Buna binaen yukarıdaki açıklamaları dikkate alarak sorulan sorunun cevabında şöyle diyoruz:
- Allah, kendisinin yaratmış olduğu bir şeyi yok edememesi muhaldir. Zira Allahın yaratmış olduğu şey “mümkünü’l-vücut” ise yok olma kabiliyetine sahiptir. Eğer yok edilme imkânına sahip değilse o zaman “vecibu’l-vücut” olması gerekir. Bu da muhaldir. Zira bunun gereksinimi şudur ki Allahın ortağı var olmuş olmasıdır. Oysaki böyle bir şeyin tasavvuru çelişkilerin içtima etmiş olması gerektirmektedir. Şöyle ki: tek bir şey (Allahın şeriki) hem “vacibu’l-vücut” olması gerekmektedir, Allahın ortağı olması itibariyle, hem “mümkünü’l-vücut” olması lazımdır, Allahın mahlûku olduğu cihetiyle. Zira soruda ortaya atılan faraziye şudur ki söz konusu olan şey Allah yaratığı olmuş olmasıdır. [8]

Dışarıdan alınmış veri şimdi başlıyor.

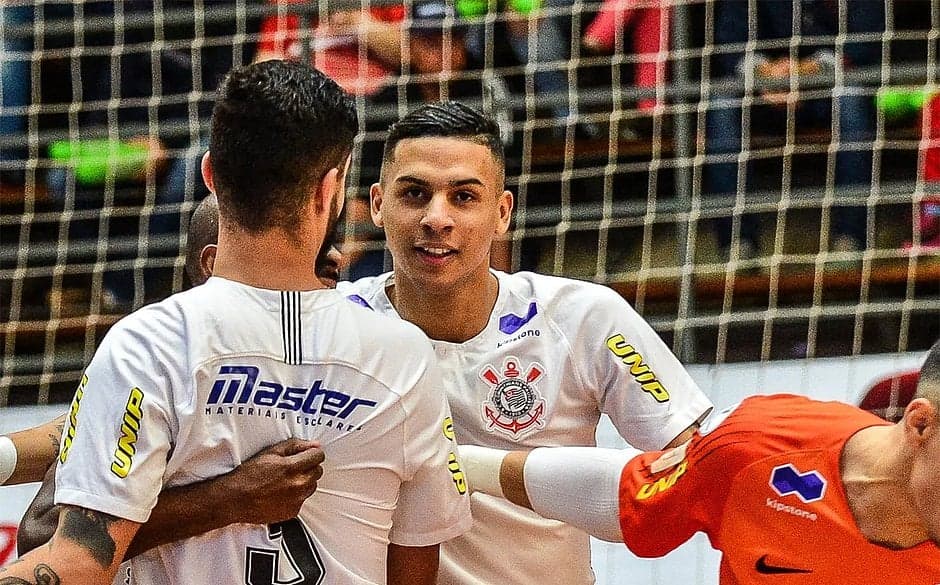 O jogador de futsal da seleção brasileira e do Corinthians Douglas Nunes foi brutalmente assassinado (Reprodução) O jogador de futsal da seleção brasileira e do Corinthians Douglas Nunes foi brutalmente assassinado (Reprodução)
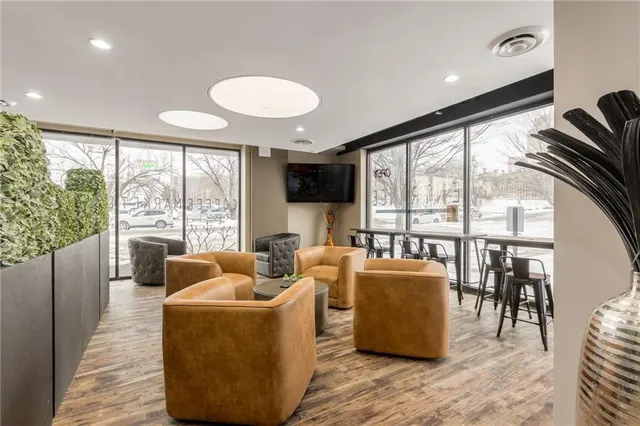 $189,000 | 700 East 8th Street, Unit 12J, Kansas City, MO 64106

- Allahın yok edemeyeceği bir şeyin yaratılması mümteni ve muhal şeylerdendir. Zira söz konu olan şey ilahi kudretin alanına girecek kabiliyetine sahip bile değildir. Oysaki Allahın kudret ve gücü mümkün ve olanaklı olan şeylere taalluk eder. Bu nedenle buradaki sorun kabilin (yaratılması istenilen şeyin) kabiliyet ve istidadından kaynaklanmaktadır. Fail ve öznenin (yaratıcının) kabiliyetinden kaynaklanmıyor. Yani bu şeyin (yaratılması istenen) kendisi yaratılmaya kabil değildir Allahın onu yaratamayacağından kaynaklanmıyor.

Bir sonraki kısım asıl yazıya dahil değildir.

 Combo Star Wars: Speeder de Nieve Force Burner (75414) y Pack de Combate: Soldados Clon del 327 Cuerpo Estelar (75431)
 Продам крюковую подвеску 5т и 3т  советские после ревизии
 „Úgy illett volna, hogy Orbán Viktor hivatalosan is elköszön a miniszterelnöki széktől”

Konuyla alakalı daha fazla bilgi edinmek için aşağıdaki indekslere bakabilirsiniz:
1 . «نشانه های قدرت خدا»؛ سؤال 9508 (سایت: 9485)

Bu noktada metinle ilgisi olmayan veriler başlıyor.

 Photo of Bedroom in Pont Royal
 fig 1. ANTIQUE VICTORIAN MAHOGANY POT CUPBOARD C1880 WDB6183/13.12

2. «قدرت الاهی و اسباب و مسببات»؛ سؤال 25279 (سایت: 7471)
3. «رابطۀ ممکن الوجود و ممکن العدم بالذات با ممکن بالذات»؛ سؤال 19037 (سایت: 18495)
[1] SUBHANİ, Cafer, “Muhaderatun fil, İlahiyat”, tahlis: RABANİ GÜLPAYGANİ, Ali, Kum: Baskı, 7, Neşri Müesesei İmam Sadık, (a.s.), 1425 kameri, s. 101.
[2] A.g.e., s. 103; MUHAMMED RIZAYİ, Muhammed, “İlahiyat Felsefi”, baskı, 1, Çapı Kuds, intişarati defteri Tebliğati İslami Havze-i Kum, 1383, şemsi, s. 163.
[3] Talak, 12.
[4] KÜLEYNİ, “el-Kafi”, Tahran: Darul- Kutubul İslamiye, 1365, c. 1, s. 139.
[5] MECLİSİ, Muhammed Bakır, “Biharul-Envar”, Beyrut/Lübnan: Müesesei el-Vefa, 1404, kameri, c. 4, s. 248; “Nehcül Balaga”, Kum: intişarati Darul-Hicre, s. 39.
[6] Bakare, 20.
[7] MUHAMMED RIZAYİ, Muhammed, “İlahiyat Felsefi”, baskı, 1, Çapı Kuds, intişarati defteri Tebliğati İslami Havze-i Kum, 1383, şemsi, s. 163-164.
[8] SUBHANİ, Cafer, “Muhaderatun fil, İlahiyat”, tahlis: RABANİ GÜLPAYGANİ, Ali, Kum: Baskı, 7, Neşri Müesesei İmam Sadık, (a.s.), 1425 kameri, s. 105-106.